Fr. George's first seven months of this more recent imprisonment were in solitary confinement. During this time he feared that he was forgetting how to speak; his grasp of language seemed to be evaporating. He tried to befriend a fly in his cell by putting out some bread, but "her commotion exhausted me." Next, he tried talking to a spider, but "he paid no attention to me. Absolutely none! Not to my words, not to my presence--he was not impressed by me," Fr. George laughs.

Finally, recalling the relationship between the Fox and the Prince in "The Little Prince," Fr. George began with great patience and diligence to befriend a cockroach. Gradually the roach grew brave enough to venture near and eat the priest's offered breadcrumbs. "He was amazing, like a monster. If you look at him from up close, he is like a monster. Little by little I began to talk to him, and he actually came to visit me for weeks, until my isolation came to an end. I was saved in my ability to remember my language by this cockroach."

I feel very honored to have Fr. George, a true confessor for the faith, as my spiritual father.

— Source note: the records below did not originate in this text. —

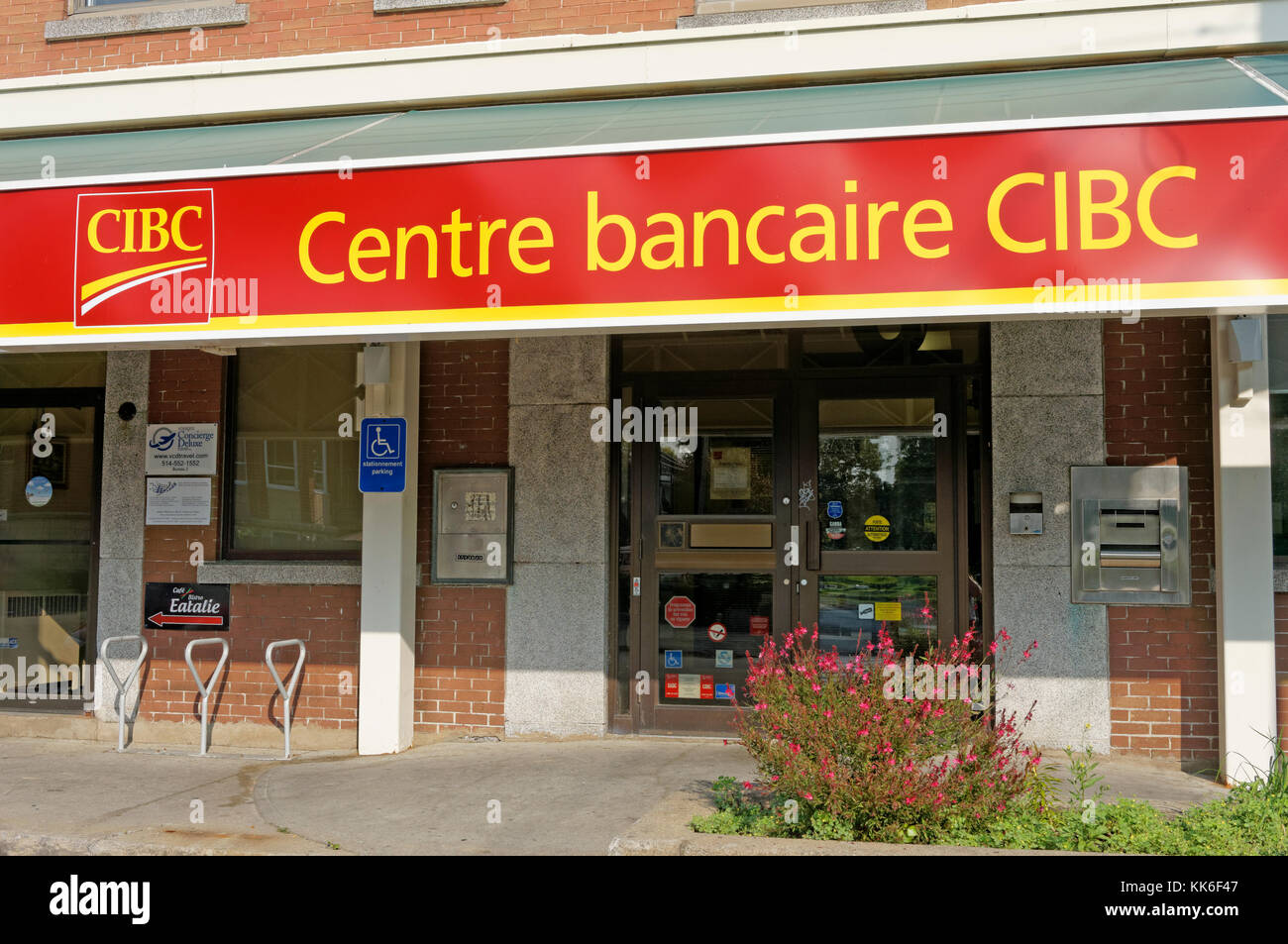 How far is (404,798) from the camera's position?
648 centimetres

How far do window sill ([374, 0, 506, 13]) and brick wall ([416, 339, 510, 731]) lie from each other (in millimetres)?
2406

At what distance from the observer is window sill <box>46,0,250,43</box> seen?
8.52 m

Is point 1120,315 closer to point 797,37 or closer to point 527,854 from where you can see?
point 797,37

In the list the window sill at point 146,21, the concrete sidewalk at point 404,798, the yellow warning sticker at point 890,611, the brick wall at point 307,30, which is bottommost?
the concrete sidewalk at point 404,798

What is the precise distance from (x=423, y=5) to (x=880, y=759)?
620 centimetres

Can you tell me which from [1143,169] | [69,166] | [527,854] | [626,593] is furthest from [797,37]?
[527,854]

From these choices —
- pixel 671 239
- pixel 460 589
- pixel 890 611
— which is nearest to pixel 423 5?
pixel 671 239

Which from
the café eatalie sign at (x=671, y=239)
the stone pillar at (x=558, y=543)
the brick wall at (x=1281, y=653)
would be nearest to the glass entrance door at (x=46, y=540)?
the café eatalie sign at (x=671, y=239)

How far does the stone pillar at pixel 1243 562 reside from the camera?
682 cm

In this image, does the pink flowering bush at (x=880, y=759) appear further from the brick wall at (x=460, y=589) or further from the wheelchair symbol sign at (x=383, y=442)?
the wheelchair symbol sign at (x=383, y=442)

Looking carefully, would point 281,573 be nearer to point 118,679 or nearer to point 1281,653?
point 118,679

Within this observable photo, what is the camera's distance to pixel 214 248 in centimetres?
621

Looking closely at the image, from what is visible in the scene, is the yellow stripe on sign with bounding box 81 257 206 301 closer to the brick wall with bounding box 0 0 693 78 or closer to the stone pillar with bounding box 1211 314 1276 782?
the brick wall with bounding box 0 0 693 78

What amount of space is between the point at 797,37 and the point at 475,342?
3.06 m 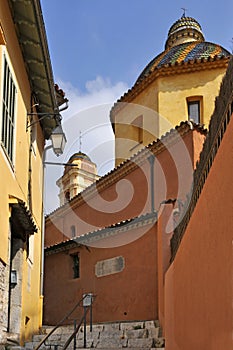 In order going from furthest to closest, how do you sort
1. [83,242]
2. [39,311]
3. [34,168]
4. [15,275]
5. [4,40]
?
1. [83,242]
2. [39,311]
3. [34,168]
4. [15,275]
5. [4,40]

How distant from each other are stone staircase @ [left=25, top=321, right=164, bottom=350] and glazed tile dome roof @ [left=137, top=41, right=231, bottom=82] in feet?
36.6

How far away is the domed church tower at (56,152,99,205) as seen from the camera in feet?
113

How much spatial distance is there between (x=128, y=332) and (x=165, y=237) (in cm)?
249

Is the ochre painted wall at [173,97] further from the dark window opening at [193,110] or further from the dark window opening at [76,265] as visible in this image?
the dark window opening at [76,265]

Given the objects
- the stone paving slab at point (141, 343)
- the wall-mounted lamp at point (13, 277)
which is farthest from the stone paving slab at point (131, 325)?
the wall-mounted lamp at point (13, 277)

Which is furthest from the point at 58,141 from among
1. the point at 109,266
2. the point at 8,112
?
the point at 109,266

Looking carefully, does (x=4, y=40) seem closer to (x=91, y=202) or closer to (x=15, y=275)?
(x=15, y=275)

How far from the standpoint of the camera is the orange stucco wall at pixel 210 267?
5387mm

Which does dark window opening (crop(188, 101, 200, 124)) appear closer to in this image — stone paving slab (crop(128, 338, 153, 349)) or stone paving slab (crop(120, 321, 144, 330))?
stone paving slab (crop(120, 321, 144, 330))

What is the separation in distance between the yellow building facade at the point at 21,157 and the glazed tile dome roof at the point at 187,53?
28.8 feet

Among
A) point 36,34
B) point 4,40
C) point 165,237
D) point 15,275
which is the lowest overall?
point 15,275

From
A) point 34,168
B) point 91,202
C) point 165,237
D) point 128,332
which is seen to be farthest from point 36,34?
point 91,202

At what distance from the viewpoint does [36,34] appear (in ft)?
37.3

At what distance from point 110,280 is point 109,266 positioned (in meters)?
0.47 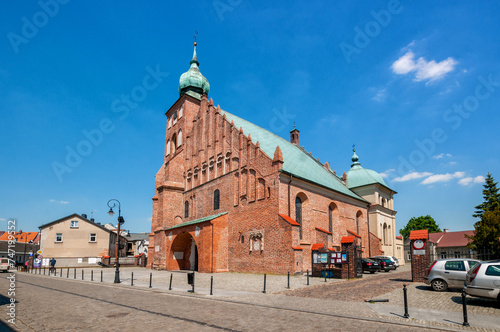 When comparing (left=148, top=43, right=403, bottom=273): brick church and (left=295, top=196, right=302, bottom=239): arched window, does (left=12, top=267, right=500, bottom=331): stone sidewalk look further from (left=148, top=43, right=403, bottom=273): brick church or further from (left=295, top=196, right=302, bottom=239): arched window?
(left=295, top=196, right=302, bottom=239): arched window

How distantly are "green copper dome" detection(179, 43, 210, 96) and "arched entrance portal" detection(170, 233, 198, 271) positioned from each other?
693 inches

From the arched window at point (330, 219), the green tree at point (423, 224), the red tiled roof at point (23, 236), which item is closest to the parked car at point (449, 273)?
the arched window at point (330, 219)

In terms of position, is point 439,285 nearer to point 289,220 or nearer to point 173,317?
point 289,220

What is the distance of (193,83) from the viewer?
39562 mm

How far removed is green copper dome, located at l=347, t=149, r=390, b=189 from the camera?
146 feet

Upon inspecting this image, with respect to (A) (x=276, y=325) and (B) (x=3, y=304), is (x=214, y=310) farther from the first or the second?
(B) (x=3, y=304)

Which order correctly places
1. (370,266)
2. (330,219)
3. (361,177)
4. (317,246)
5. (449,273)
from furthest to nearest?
(361,177), (330,219), (370,266), (317,246), (449,273)

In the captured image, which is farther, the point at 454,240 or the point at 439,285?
the point at 454,240

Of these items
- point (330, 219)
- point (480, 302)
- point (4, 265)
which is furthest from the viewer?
point (4, 265)

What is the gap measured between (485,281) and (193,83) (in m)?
34.9

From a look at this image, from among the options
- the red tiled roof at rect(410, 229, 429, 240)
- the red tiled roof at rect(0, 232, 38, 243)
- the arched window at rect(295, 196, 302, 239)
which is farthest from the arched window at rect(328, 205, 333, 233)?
the red tiled roof at rect(0, 232, 38, 243)

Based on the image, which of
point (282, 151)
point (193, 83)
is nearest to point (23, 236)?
point (193, 83)

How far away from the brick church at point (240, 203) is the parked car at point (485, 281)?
378 inches

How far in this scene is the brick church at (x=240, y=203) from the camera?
2559 centimetres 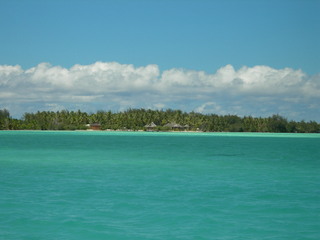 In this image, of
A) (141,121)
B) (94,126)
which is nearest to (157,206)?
(141,121)

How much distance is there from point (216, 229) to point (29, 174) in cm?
1499

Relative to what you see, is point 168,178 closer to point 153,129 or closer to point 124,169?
point 124,169

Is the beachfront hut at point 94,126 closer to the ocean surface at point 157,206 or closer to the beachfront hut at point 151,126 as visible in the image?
the beachfront hut at point 151,126

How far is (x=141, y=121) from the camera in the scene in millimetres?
153750

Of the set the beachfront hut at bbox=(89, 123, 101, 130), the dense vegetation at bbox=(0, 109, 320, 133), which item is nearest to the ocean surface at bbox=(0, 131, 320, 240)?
the dense vegetation at bbox=(0, 109, 320, 133)

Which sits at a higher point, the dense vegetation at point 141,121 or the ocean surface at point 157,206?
the dense vegetation at point 141,121

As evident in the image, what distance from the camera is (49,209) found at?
15703 mm

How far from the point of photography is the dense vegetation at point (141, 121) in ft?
503

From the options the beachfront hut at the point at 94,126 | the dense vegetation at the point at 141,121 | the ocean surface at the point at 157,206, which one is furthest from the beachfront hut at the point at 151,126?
the ocean surface at the point at 157,206

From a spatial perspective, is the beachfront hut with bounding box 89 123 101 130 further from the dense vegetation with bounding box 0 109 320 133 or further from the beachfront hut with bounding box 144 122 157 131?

I asked him once how he could remain so cheerful, considering his sufferings. He replied that he'd always had a cheerful character, even from childhood. He was the youngest child in his family and very close to his mother. He told me that when he was in prison he sometimes felt his mother's prayers.

Once, he said, prison officials informed him, "Your wife has divorced you and your son has renounced you." With no way to check this information, Fr. George was near despair. In his heart he accused his mother, "You told me you would watch over them! Now even you have abandoned me." That night he had a dream in which he saw her. She looked up at him with an expression of reproach and asked, "How could you ever think that I would abandon you?" The next morning Fr. George's wife and son were at the prison asking to see him, and to assure him that the rumors were false, that they loved him and would never leave.

Now Fr. George lives in northern Virginia, just outside Washington, D.C., and pastors Holy Cross Romanian Orthodox Church. Though in his 70s, he is as vigorous as a man decades younger and travels across the country and around the world for the Church. He and his wife have settled in the area, and a few years ago his son presented him with a grandson. Like Job the Long-suffering, he has endured indescribable misery and yet persevered to see joy.

It is this quality of joy that always strikes me when I see him.

Fr. George has the smile of a child who knows that he is loved. I think about the power of that mother-child bond and how the love she gave him so many years ago contributed to the strength that bore him through his trials. He must have learned that smile while looking up at her; I can imagine her reflected in his eyes.

All of us who are mothers should keep in mind that we are laying a foundation for a lifetime, and we do not know where it will lead. Our children may have to undergo suffering that we cannot prevent, beyond what we can imagine, beyond our reach to help. In such times they may be strengthened by a moment of kindness we give them today. Fr. George's smile is a testament to the power of the Holy Spirit, to his own courage and faith--but also to a mother's love.